O olhar aos poucos foi perdendo a firmeza com que se dirigia ao longe. As idéias deviam pesar e cansar o pescoço. Ele foi relaxando e já  a cabeça desceu alguns graus. O bastante para, em vez do horizonte, ela agora olhar em direção a um chão distante. E pouco depois a outro chão já não tão distante.

O cigarro ia e vinha. Dá altura da coxa para a boca. La embaixo, ficava quieto, a um palmo do corpo, para não lhe queimar. Em cima, era cada vez mais lento e cuidadoso o carinho dos labios dela com ele. Não tragava fundo. Pegava-o com a ponta dos labios, cada vez mais devagar, e deixava que a mão o levasse embora de novo.

Quando percebeu que os olhos não viam mais o longe, nem o chão, nem nada, tomou ar bem fundo. Fez com os olhos foco em algo do jardim, depois nos pés, cabeça baixa. Jogou a bituca no cinzeiro ao lado da porta e se apressou para a mesa, para pegar o relógio na bolsa e anunciar que a aula estava para acabar.

Corri escrever umas linhas a mais. Não deu tempo de passá-la para frente de mão em mão como acontecia no final da aula sempre. Tive de levar até sua mesa, à pilha que esperava pelos atrasados. Tive o cuidado de sincronizar o movimento de colocá-la com o de outro aluno para que a dele cobrisse a minha e professora não visse meu nome nela. Aquela sala grande, mais de duzentos alunos, era meu anonimato.

Essa redação, ela me devolveu sem correções, com o desenho de uma bonequinha que sorria, de sua boca um balão, desses de história em quadrinhos: “Posso ficar com esta?”. Devolvi-lhe ao fim da aula, com outro recado curto: “Claro, fiz pra ti.”

Ela não me viu pegá-la nem devolvê-la. Eram muitos alunos para ela fazer isso pessoalmente. Passávamos tudo de aluno para aluno, para retirar, e púnhamos sobre sua mesa para entregar. Nunca tive curiosidade de ver o que ela escrevia nas redações dos outros. Quebrar o encanto de saber se ela deixava recados amais alguém. Achava fascinante ela não saber qual de nós, éramos muitos para ela conhecer pelo nome, era, de certa forma, seu correspondente.

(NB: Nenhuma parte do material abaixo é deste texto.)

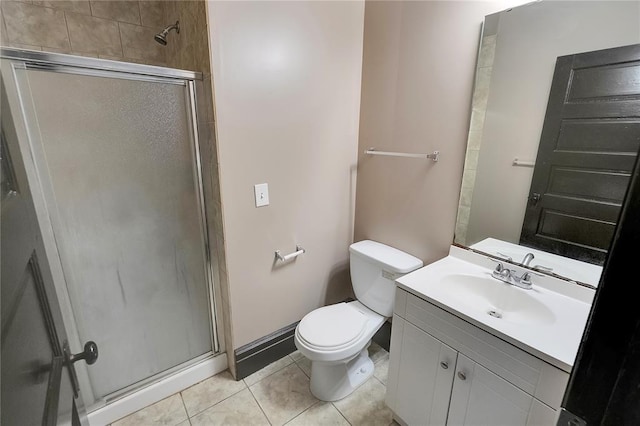 4541 Oakland Ave, Saint Louis, MO 63115 - full bathroom featuring a stall shower, tile patterned flooring, toilet, and vanity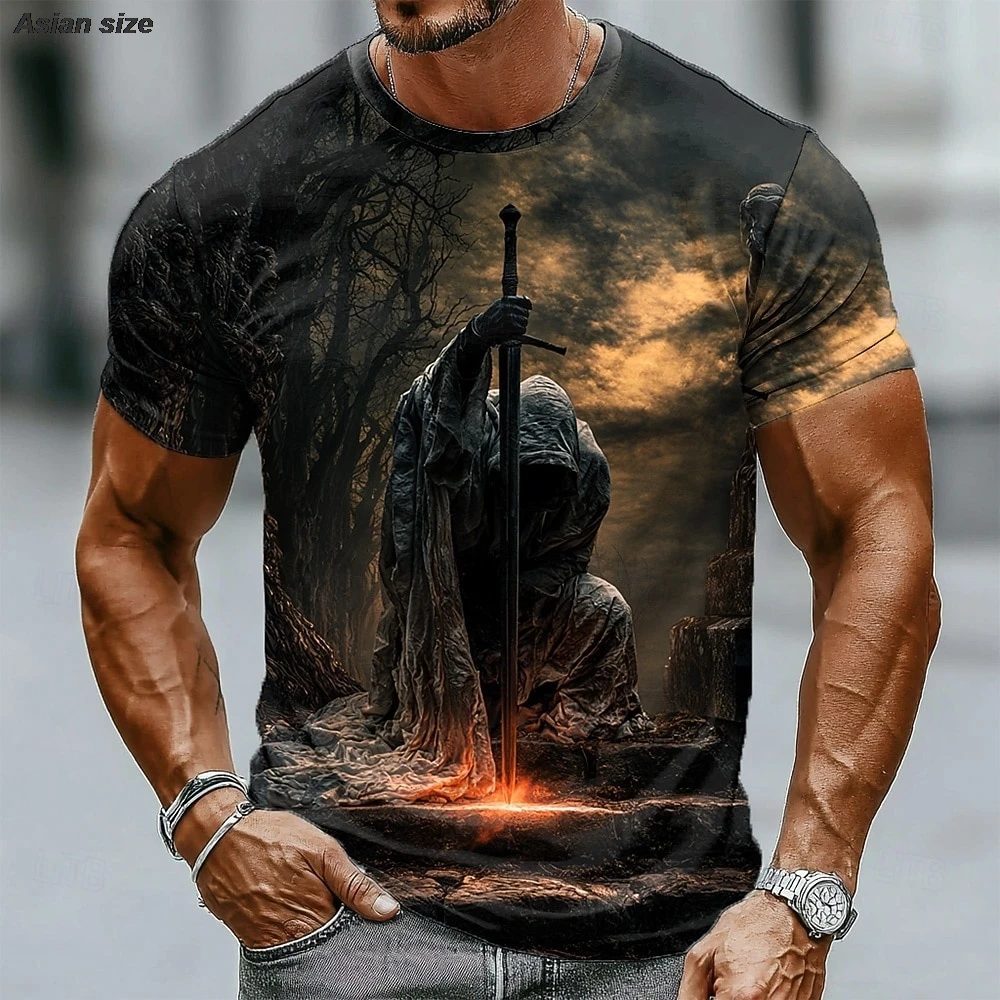 Men's Dark Warrior 3D Print T‑Shirt Mysterious Knight Pattern Crew Neck Short Sleeve Casual Party Tees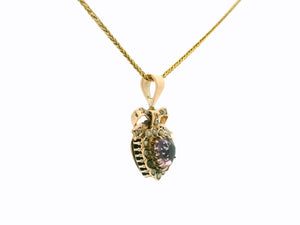 ANTIQUE EDWARDIAN AMETHYST HEART & SEED PEARL PENDANT 9ct GOLD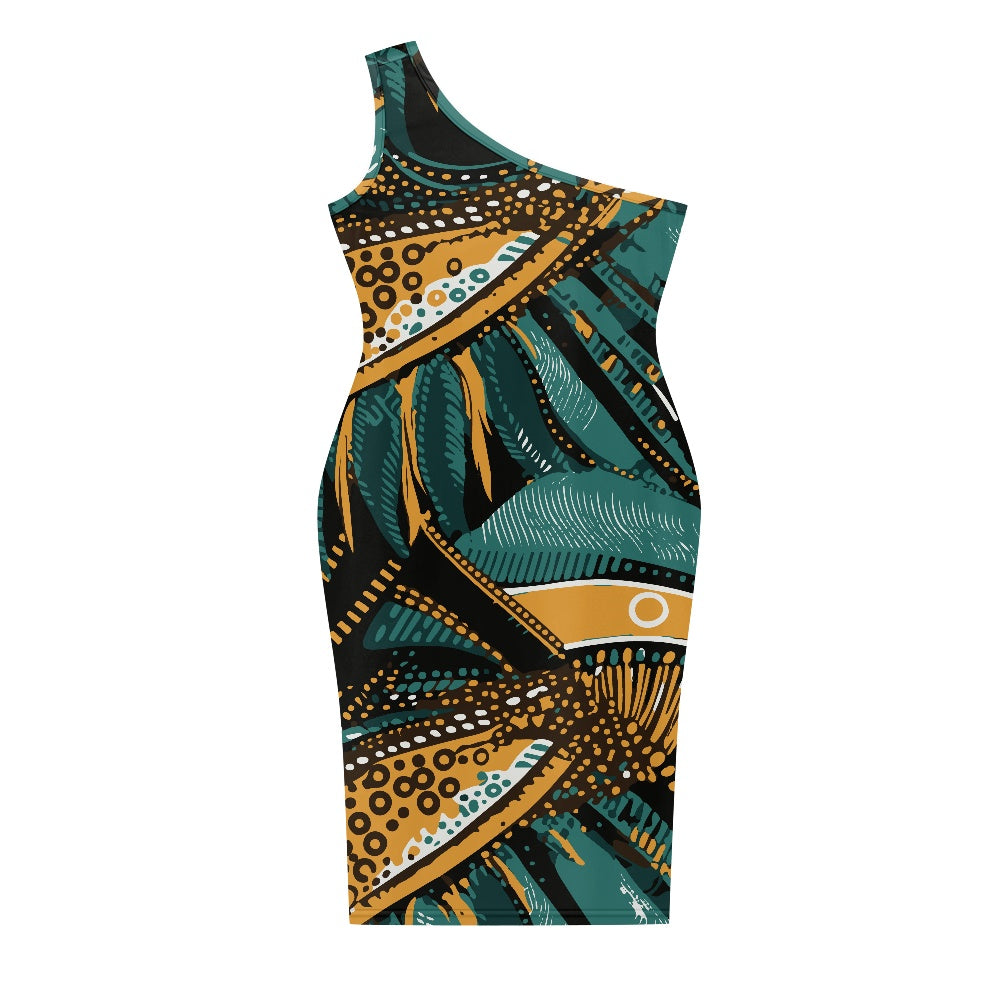 Discover Elegance: Luxtrini's One-Shoulder Slim Dress - Ethnic white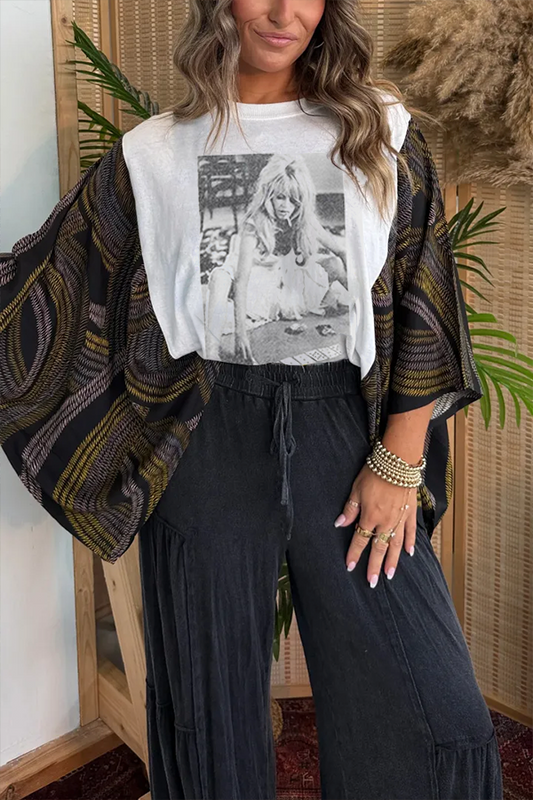 Old Photo Figure Print T-Shirt (No Back Pocket)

Logo após as férias, fiquei muito doente. Culpa da correria irresponsável de quem tenta abraçar o mundo sem tempo a perder, do inverno mais rigoroso que já peguei nesta cidade e de alguém que me passou uma pneumonia. Afastei-me do cursinho por mais de um mês, voltei num sábado, para uma aula de redação de despedida. Essa aula não valeu, foi com a professora da outra classe, elas revezavam os sábados. Não escrevi nada e acabei deixando o curso de uma forma que, se me pareceu mau educada na época, covarde parece-me hoje.

Tive uma pneumonia, resultado da correria e de tanto tomar chuva no inverno de 93. Assustado com o diagnóstico, e também acomodado, hoje confesso, pensei em largar a faculdade em que tinha entrado havia poucas semanas, no vestibular de julho. À época, cursava ao mesmo tempo, a faculdade pela manhã, o quarto ano do colégio à tarde e o cursinho à noite. Dormia menos de quatro horas por dia, durante a semana. Desempregado, por conta do alistamento militar iminente, achava que tomar todo o meu tempo estudando não fosse mais que obrigação. Aquele inverno, o mais gelado apesar de um dos últimos chuvosos de que me lembro em São Paulo,  ao colaborou. O médico me assustou e o cansaço venceu. Mas não tive coragem de me despedir dos amigos que fiz naqueles primeiros dias de faculdade e mudei de ideia. Foi o cursinho que deixei. Dei dois ou três abraços e sumi.

As outras redações, quando mudei-me para São Paulo, fechei-as em um desses envelopes grandes de papel pardo, bem colado para que ninguém as lesse por curiosidade. Deixei-o numa das duas caixas de papelão com outras coisas que disse para a mãe guardar até que eu me mudasse para um apartamento maior. Quando procurei-as, dois ou três anos depois, já tinham sido jogadas no lixo: “Só tinha papel, caderno, livro…”, disse a mãe. Dizem que não se pode ter raiva de mãe.

Da professora de redação, que fumava na porta da sala com os olhos perdidos na mesmice do teto e para quem eu escrevia duas vezes por semana, não sei mais o nome. Só me lembro de que era algo que não combinava com ela. Na memória, guardei-a por como a vi e pelo qu fazia. Como nome, deixei um XXX, parece carta anônima. Fica bem assim. Combina com um film noir, em preto e branco, com a protagonista fumando, pensativa, a olhar o céu.